=== DATA SUPPLIED ===

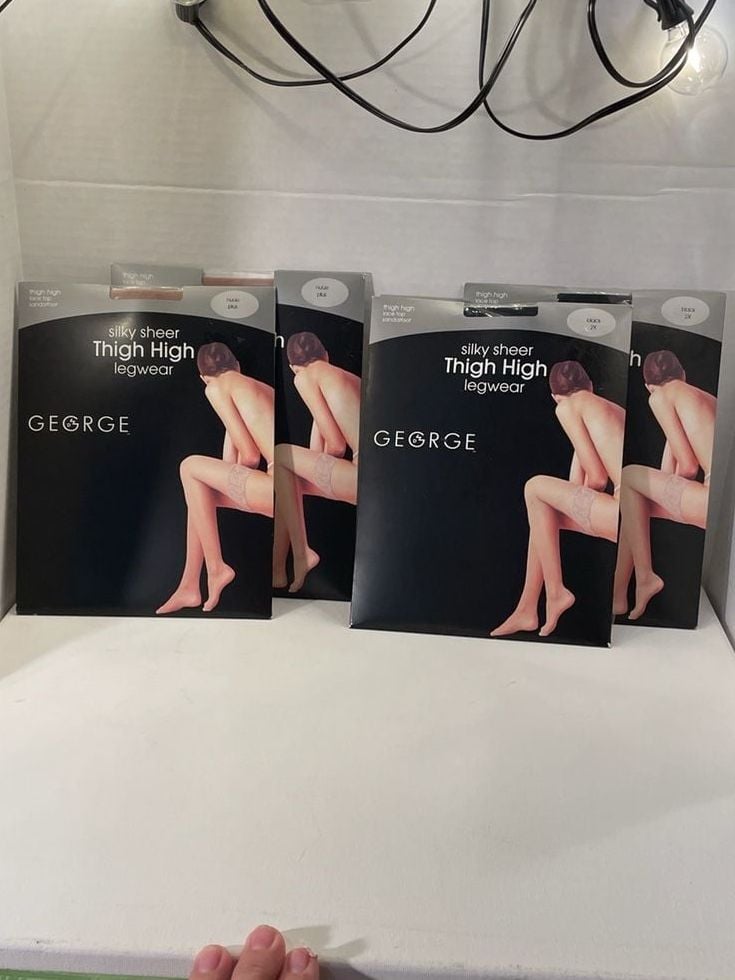 Lot of 4 George Silky Sheer Thigh High Legwear
2 Nude 2 Black Plus Size 2X 1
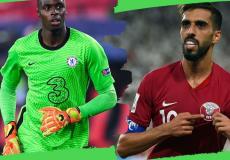 صورة تعبيرية غلاف لمباراة قطر والسنغال ويظهران اللاعبان ميندي وحسن الهيدوس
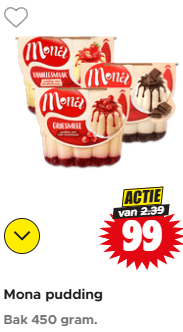 Alle Mona pudding voor €0,99 bij Dirk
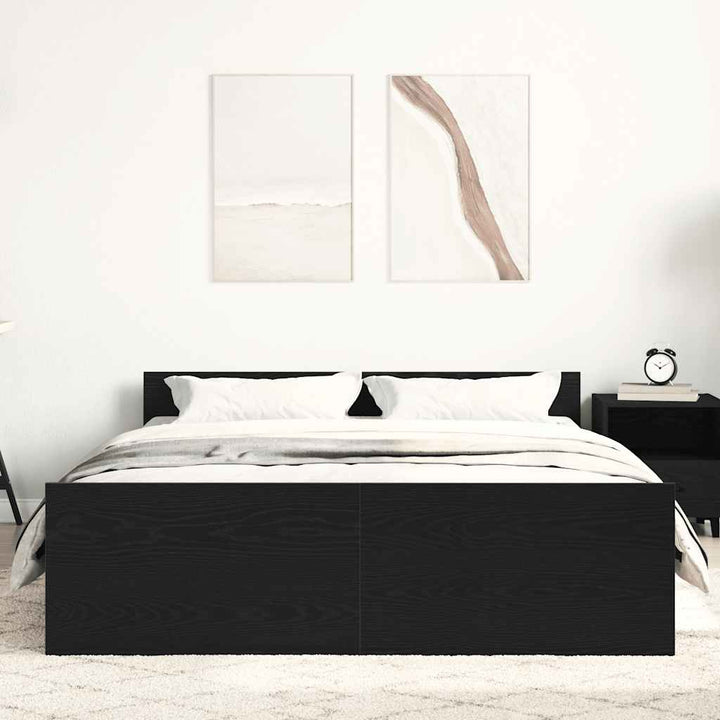 sengestel uden madras 120x190 cm konstrueret træ sort eg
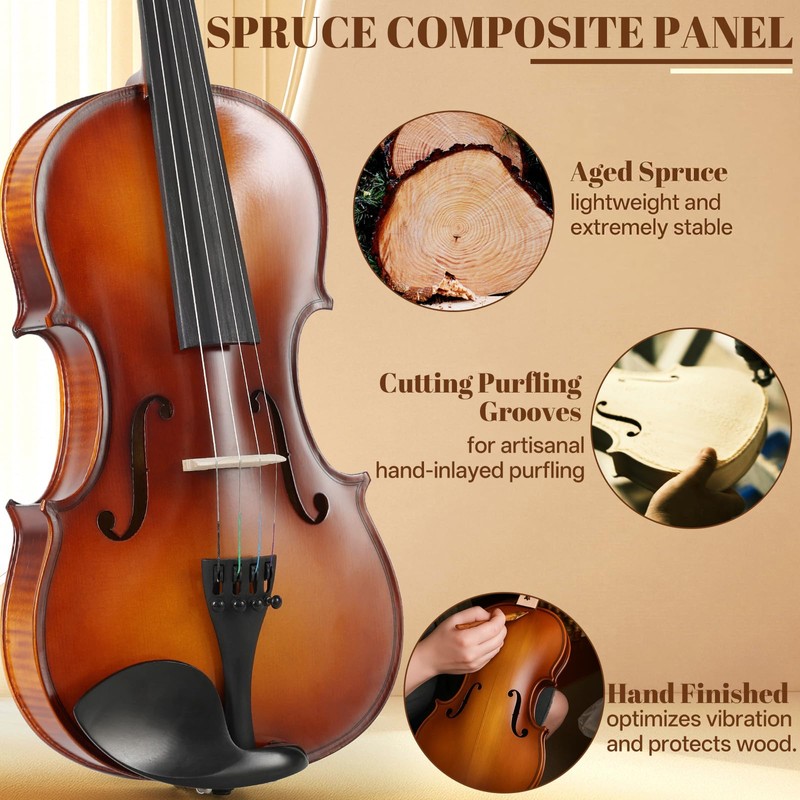 Kmise Violin 4/4 Full Set, High Density Ebony Violins, Glossy
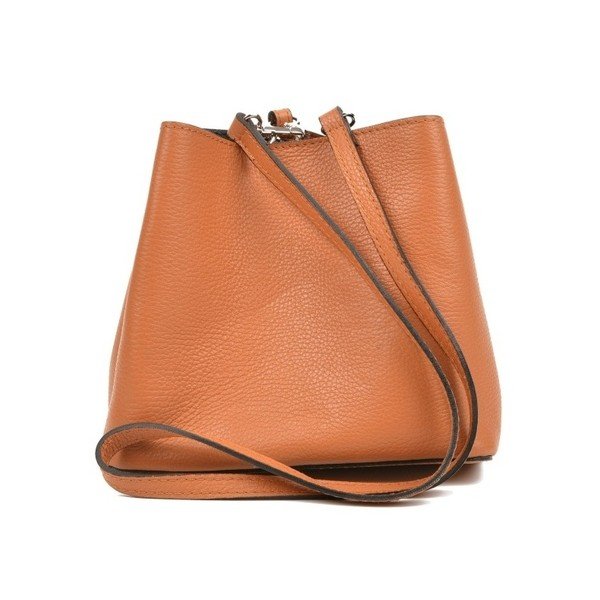 Кафява кожена чанта в цвят коняк Catarina - Mangotti Bags-image-2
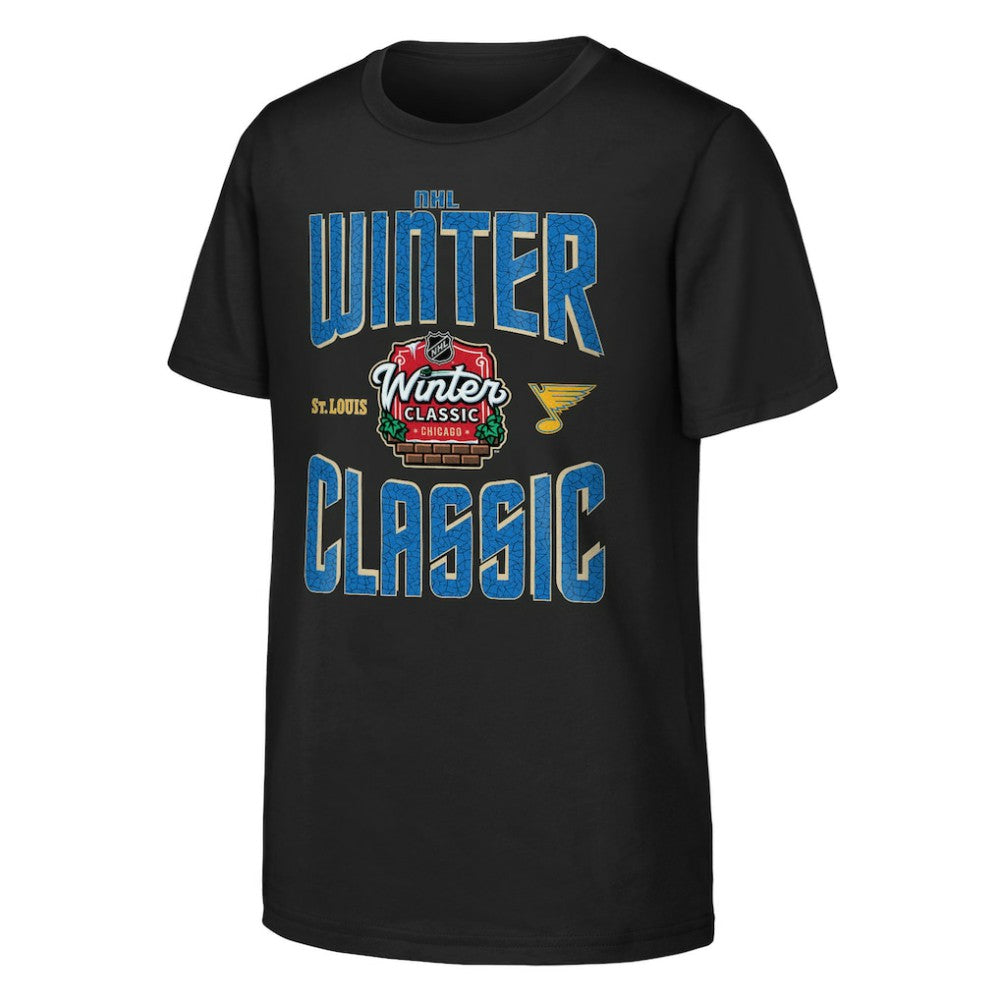 St. Louis Blues Youth 2025 NHL Winter Classic Game Day T-Shirt - Black | US 202525306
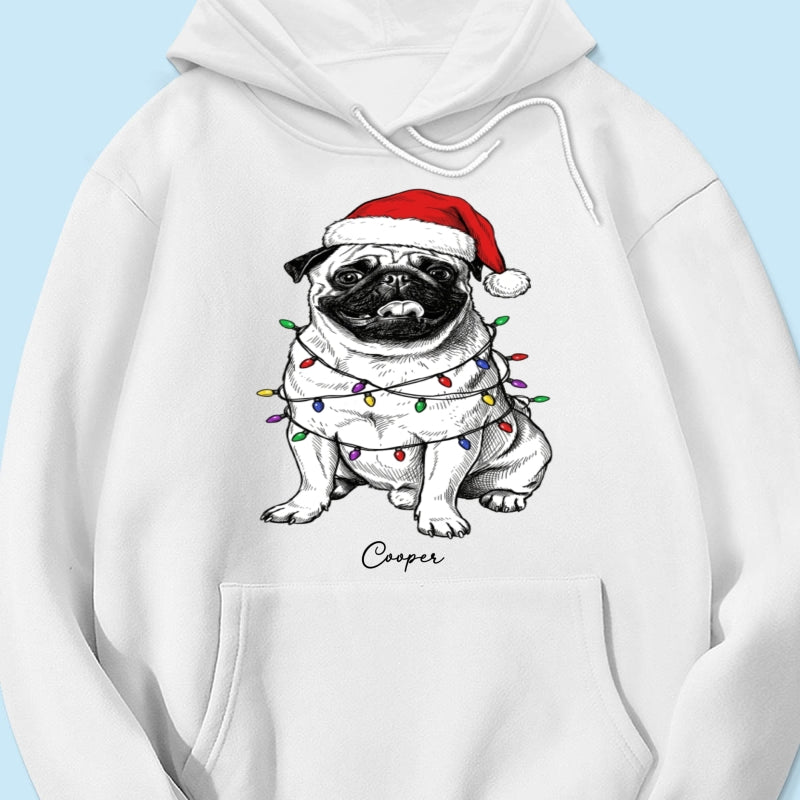 Custom Pet Portrait Christmas Hat & Strings Upload Your Photo - Personalized Shirt - Trendy Christmas Gift For Dog Lover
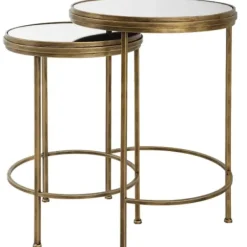 Accent & End Tables-Kirkland's Home Metal Mirror Top 2-Pc. Nesting Side Table Set Gold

===

> [PROMPT] Only one part of the listing is wanted: the lines from the one containing "2 Nude 2 Black Plus Size 2X 1" through the one containing "Kmise Violin 4/4", both included. Please transcribe it exactly, leaving out the pictures.

> [RESPONSE TO THIS EXERCISE]
2 Nude 2 Black Plus Size 2X 1
 صورة تعبيرية غلاف لمباراة قطر والسنغال ويظهران اللاعبان ميندي وحسن الهيدوس
 Alle Mona pudding voor €0,99 bij Dirk
 sengestel uden madras 120x190 cm konstrueret træ sort eg
 Kmise Violin 4/4 Full Set, High Density Ebony Violins, Glossy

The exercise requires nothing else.